Reducing calories during spring training
To lose those stubborn pounds gained during the winter, on the non-training or light training days, reduce your caloric intake by 250-500 kcal. This will be accomplished by reducing portion size and following the suggestions listed. I do not recommend caloric restriction on a day of a race or a long training ride. Since your body requires adequate carbohydrates and protein, now it is time to determine your minimum needs. Carbohydrates intake should range from 7-13 grams per kilogram bodyweight. Protein intake should range from 1.4 to 2.0 grams per kilogram bodyweight. (To calculate kilogram bodyweight, divide your weight by 2.2.) Calculate your minimum needs using the lower end of the range. To determine carbohydrate and protein calories, multiple the number of grams by 4 (there are 4 calories in a gram of carbohydrate and protein, and 9 calories in a gram of fat.) The remaining calories should come from fat which should range from 0.8 to 1.0 grams per kilogram bodyweight. Avoid foods high in trans-fats and saturated fats. “Good” fats are in foods such as fish, nuts, olive oil, and avocados.

Body Composition
You may notice at some point you stop losing weight, or you may have possibly gained weight. Get your body fat measured now so that you can see changes in your body composition. If you belong to a health club, ask a trainer for a body composition measurement. If your body fat has decreased, the extra weight is muscle weight. Remember, you are exercising more and your muscles are getting larger while you are losing fat as you improve your diet. Do your pants fit you better? If so, you may want to reconsider your goal weight. The number is not as important as how you look and feel.
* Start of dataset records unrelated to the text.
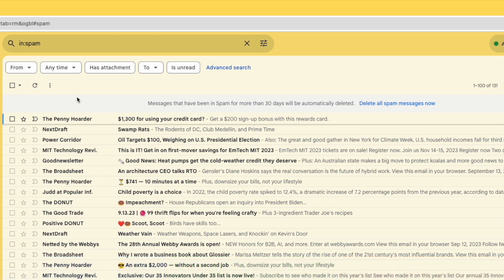Moving to the top row of the spam folder, there's an option there to delete all spam messages now. Let's choose that by clicking on it once.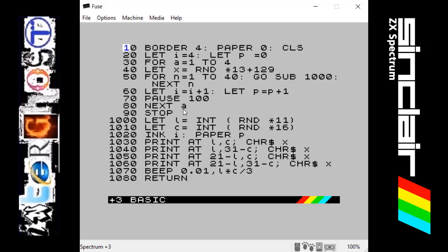NEXT A brings us back up to the FOR statement and runs through the whole program again, four times total — each time a different color, different shape, 40 characters placed in symmetrical positions. Once that's done it hits another new command: STOP. This is self-explanatory — it stops the program. Without the STOP command, execution would fall through into the subroutine at line 1000, which we don't want. STOP at line 90 ends everything cleanly.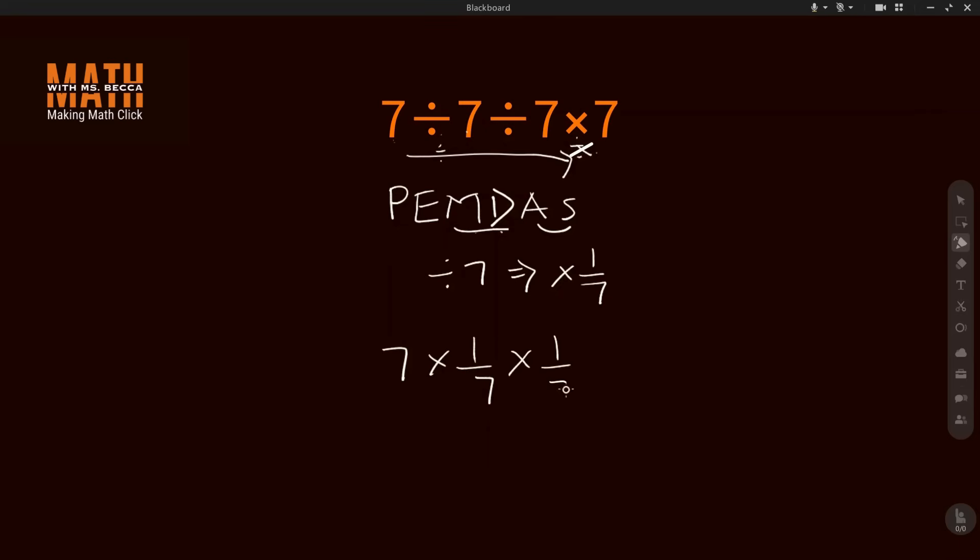Here now, this seven we cancel this seven, and then this seven we cancel this seven, and our answer will be one. So the answer for this question is one.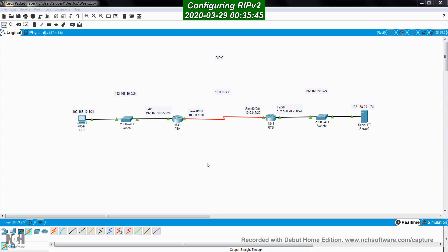Hi again. In this video, I'm going to show you how to configure RIP version 2. RIP stands for Routing Information Protocol. It's a dynamic routing protocol, and it's one of the simplest ones. Actually, it's the first dynamic routing protocol in the world of internetworking.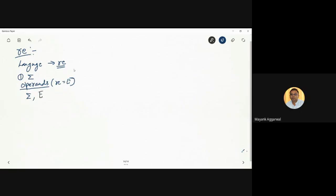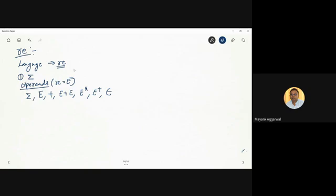The operands include: an expression E made of input alphabets, expression plus expression (union), expression concatenated with expression, Kleene star closure, positive closure, and epsilon. These are the main operands which make up any regular expression — not limited to only these, but these are the primary ones. If E is a regular expression, then these are the possible operands.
It is not recommended to go below 5% body fat for men and 12% for women. Elite male cyclists’ body fat range from 5-12%, and elite women from 8-15%. If you are too thin, you will be at a disadvantage. Excessive leanness (below essential body fat levels), and the processes of maintaining an unrealistically low body fat level through calorie restriction and excessive training can predispose an athlete to eating disorders and increase the risk for muscular injury, stress fractures and menstrual irregularities. The ranges of body fat for optimal health and fitness are 16-25% for women and 12-18% for men.